HOW TO PUBLISH IN MIC?

Editorial Policy:
The fields of primary emphasis by MIC are:

Modeling
General methodology of modeling including choice of structure, model reduction, numerical aspects, systems for computer aided modeling, etc.

Identification
General methodology including system structure, identifiability, convergence, numerical aspects, systems for computer aided identification, etc.

Control
General methodology including system specification, derivation of control strategies, analysis of system properties such as stability, sensitivity, etc.

Applications
Demonstration, by simulations or experiments, of applications of theory within the above fields to engineering, biological, economic, ecological, social, geophysical, agricultural systems and others.

Please first contact the editor (email: editor[@]mic-journal.no) of MIC. You will then be evaluated if you are able to publish in MIC or not.

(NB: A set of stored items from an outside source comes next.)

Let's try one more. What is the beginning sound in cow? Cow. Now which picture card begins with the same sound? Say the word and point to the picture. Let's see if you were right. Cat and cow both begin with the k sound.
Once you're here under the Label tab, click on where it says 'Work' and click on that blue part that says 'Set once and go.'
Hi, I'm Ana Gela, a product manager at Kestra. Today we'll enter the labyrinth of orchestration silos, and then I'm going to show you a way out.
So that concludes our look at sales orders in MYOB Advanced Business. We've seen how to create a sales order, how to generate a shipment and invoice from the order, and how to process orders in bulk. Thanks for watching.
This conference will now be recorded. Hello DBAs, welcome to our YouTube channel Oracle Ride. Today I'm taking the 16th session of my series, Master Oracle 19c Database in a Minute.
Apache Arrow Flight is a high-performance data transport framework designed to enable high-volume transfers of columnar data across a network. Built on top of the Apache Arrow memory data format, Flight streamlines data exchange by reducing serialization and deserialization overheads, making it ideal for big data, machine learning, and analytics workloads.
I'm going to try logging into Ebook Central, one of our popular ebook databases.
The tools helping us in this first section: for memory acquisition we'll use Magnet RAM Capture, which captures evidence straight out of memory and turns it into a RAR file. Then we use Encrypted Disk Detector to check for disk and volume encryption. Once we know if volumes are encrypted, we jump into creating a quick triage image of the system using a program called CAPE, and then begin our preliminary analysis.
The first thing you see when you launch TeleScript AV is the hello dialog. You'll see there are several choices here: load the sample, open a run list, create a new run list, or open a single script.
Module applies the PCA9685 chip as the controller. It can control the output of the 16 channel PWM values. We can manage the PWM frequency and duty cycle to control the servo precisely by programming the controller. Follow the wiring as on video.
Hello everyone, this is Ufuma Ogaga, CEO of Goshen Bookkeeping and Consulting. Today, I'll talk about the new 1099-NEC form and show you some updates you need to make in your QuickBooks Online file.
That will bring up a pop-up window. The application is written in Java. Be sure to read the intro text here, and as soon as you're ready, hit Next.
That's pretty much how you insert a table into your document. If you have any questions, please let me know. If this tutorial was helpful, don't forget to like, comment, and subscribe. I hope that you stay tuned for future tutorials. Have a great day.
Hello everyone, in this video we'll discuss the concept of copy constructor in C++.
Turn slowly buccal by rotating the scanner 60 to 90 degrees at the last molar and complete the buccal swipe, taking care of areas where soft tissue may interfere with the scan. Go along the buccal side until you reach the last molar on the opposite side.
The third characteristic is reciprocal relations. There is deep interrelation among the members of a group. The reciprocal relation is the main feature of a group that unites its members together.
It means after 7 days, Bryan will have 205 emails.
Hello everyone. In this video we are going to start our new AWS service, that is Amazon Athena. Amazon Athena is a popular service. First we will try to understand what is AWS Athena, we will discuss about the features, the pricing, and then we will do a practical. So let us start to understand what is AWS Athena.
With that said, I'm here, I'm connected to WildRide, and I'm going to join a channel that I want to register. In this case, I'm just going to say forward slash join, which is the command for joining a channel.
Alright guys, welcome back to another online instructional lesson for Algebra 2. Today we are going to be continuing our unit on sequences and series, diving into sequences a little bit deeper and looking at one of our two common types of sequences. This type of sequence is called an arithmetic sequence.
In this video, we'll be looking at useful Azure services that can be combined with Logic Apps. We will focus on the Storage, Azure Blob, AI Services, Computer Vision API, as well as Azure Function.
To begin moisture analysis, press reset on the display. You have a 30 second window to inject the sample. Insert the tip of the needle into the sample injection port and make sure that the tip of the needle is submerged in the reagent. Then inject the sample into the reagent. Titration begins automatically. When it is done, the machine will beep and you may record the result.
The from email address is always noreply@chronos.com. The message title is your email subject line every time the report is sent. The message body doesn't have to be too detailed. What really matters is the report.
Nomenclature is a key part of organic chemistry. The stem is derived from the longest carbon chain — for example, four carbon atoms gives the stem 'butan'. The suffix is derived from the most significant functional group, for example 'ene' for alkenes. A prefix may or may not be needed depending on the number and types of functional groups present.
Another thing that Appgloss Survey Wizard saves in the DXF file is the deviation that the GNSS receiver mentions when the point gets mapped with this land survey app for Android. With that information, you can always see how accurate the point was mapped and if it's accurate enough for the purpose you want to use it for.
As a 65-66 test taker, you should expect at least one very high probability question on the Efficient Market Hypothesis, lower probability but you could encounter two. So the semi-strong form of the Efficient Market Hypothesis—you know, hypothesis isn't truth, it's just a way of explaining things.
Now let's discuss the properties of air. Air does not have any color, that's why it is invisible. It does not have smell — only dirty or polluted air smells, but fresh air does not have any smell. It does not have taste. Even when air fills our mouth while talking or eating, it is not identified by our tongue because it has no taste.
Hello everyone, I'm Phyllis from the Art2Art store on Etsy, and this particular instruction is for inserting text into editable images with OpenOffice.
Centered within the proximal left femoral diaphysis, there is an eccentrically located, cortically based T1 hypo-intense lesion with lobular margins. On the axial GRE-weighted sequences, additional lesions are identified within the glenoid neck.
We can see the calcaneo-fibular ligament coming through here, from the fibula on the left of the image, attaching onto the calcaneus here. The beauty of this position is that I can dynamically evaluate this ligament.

Please note that for historical reasons MIC has a geographical profile – at least one of the authors needs to be affiliated with a Nordic research institution. In practice, MIC accepts papers with foreign authors if one of the two conditions below are met:
1) The foreign author has been a visiting researcher in Norway/Sweden/Denmark/Finland, or
2) The author from Norway/Sweden/Denmark/Finland has been a visiting researcher at the foreign co-author’s research institute.

Please respect these conditions to publish in MIC. MIC is based on voluntary effort, has a small editorial team and no income from subscriptions or author fees. We do not have the capacity to process a larger amount of submitted papers.

If you are evaluated to be able to publish in MIC, you are then told to send the manuscript for review. The review process consists of two stages: the first review is made by the editor or the editorial secretary. If accepted in the first review, the second review will be made by one or more internationally recognised experts in the field of work. If accepted in both stages, you have to change the manuscript in order to fulfill the changes noted in the reviewers responses, and send the final article in the PDF format generated by LaTeX.

MIC does not enfore a strict page limit on submitted papers, but a typical length is 10-20 pages. However, the PDF file size should be kept as low as possible.

When an article is accepted for publication in MIC, the authors must agree that MIC can make their work available for free download on the Internet. Once an article has been published in MIC, it can not later be withdrawn. However, MIC allows that archived articles later can be modified and/or corrected, if the authors wish to do so. When an article is corrected, both the old and the new versions may be kept on the website, depending on the changes made. Due to the MIC policy of a widest possible audience, the authors of accepted articles are free to publish their work in other publication channels. However, the other channels must accept that the articles will remain published at the MIC website.

LaTeX template files:
Template files for pdfLaTeX: MIC-pdflatex.zip (Right-click on link and “Save Target As…” in browser.)
Template files for traditional LaTeX: micart.zip (Right-click on link and “Save Target As…” in browser.)

Software:
We recommend the MikTeX software for typesetting the document.
We recommend one of the following text editors: TeXnicCenter or WinEdt.

Copyright and Permissions:

All articles in MIC are published with the Creative Commons Attribution 3.0 Unported (CC BY 3.0) license. See: http://creativecommons.org/licenses/by/3.0/.

Please note that the copyright of all the articles in MIC belong to the Norwegian Society of Automatic Control.

Regarding Create Commons Attribution:
Since 2004, all current licenses require attribution of the original author (the BY component).

Generally this implies the following:

* Include the copyright notice by the Norwegian Society of Automatic Control. The notice must be left intact, or reproduced in a way that is reasonable to the medium in which the work is being re-published.
* Cite the author’s name and work’s title. If the work is being published on the Internet, it is nice to link these to the article’s web-page at MIC.
* Cite the specific CC license the work is under. If the work is being published on the Internet, it is nice if the license citation links to the license on the CC website.
* Mention if the work is a derivative work or adaptation, in addition to the above, one needs to identify that their work is a derivative work, e.g., ”This is a Finnish translation of [original work] by [author].”